In any case, you get the drift of how to do the comparisons. You may wish to look at thrust at 5 or 10mph instead or examine the achievable speeds with a more conventional posture. Have fun! :D
 
teklektik,

Great analysis.

And you're spot on regarding the top speed on my 8T, it is in a tuck position. Not sustainable but you have to do it to see how fast you can go, right? ;)

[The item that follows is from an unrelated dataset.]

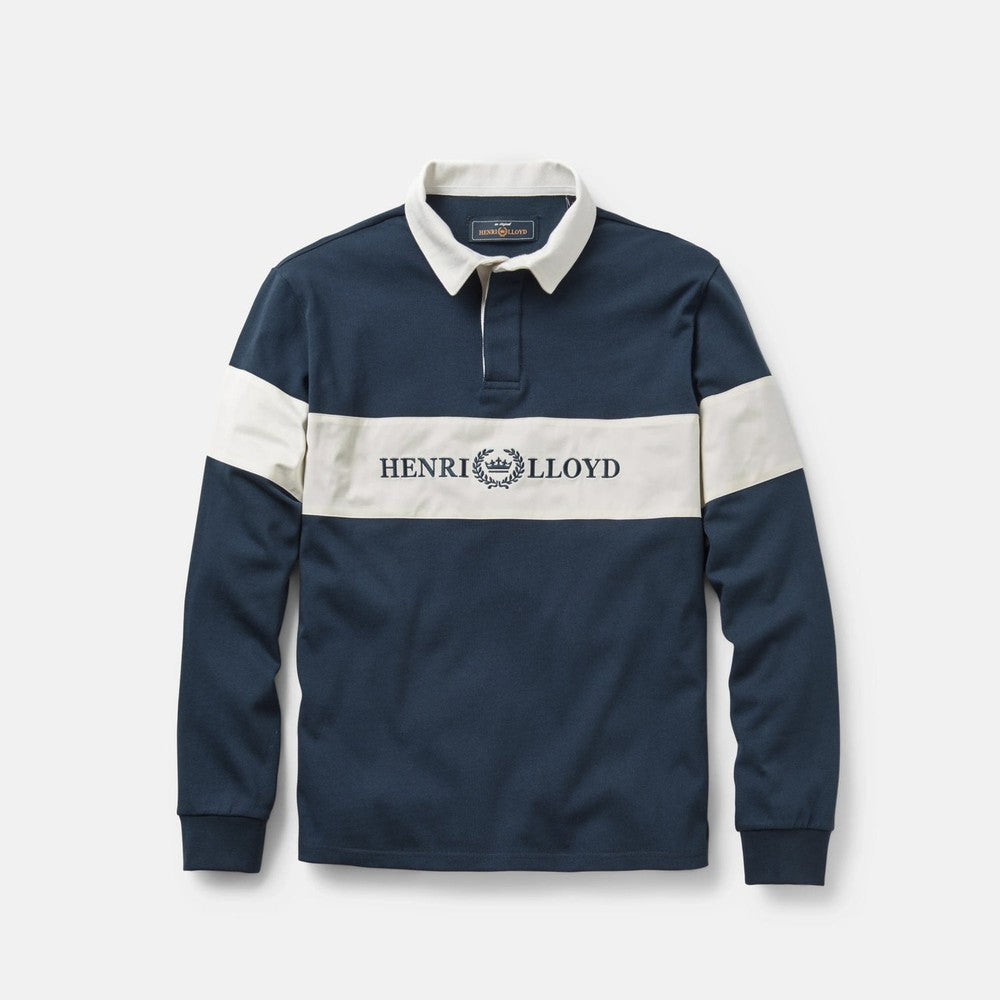Henri Lloyd Voyager Rugby Shirt (Navy Blue)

I see now how the # of FETS impacts torque, not top end speed. Makes sense...

Thanks!
 
I have the 10T and absolutely love it (when the controller actually keeps it running unlike right now) and I use it to haul whenever I go shopping, etc. That being said I would not try hauling my solar rig setup with the 10T especially when theres gonna be 4 122AH marine batteries inside the box along with the panels on top. Im pretty sure the 12T could handle it as long as theres not really long steep hills to climb. I imagine the 10T could handle the setup the way it is right now with just 2 marine batteries inside the box but once again not up steep hills. I run my 10T on a 60v 20AH LFP pack and its top speed is 31 - 33 mph depending on 7the riding position and the 12T should go roughly 25 - 27 mph on 60v which is fine by me since I really dont want the hauling bike to go too fast while hauling for obvious reasons. And the takeoffs....most cars dont beat me across 6 lane intersections with the 10T and the ones that do usually are in front by not even half the length of the vehicle so the 10T is a powerful hub to say the least. I cant wait to buy the 12T and see how it does :twisted:
 
For really nice torque, you chuck the clutch and planetary gears. Then get a really slow motor, and hit it with 4000w. No worries about overheating, because you get going so quick.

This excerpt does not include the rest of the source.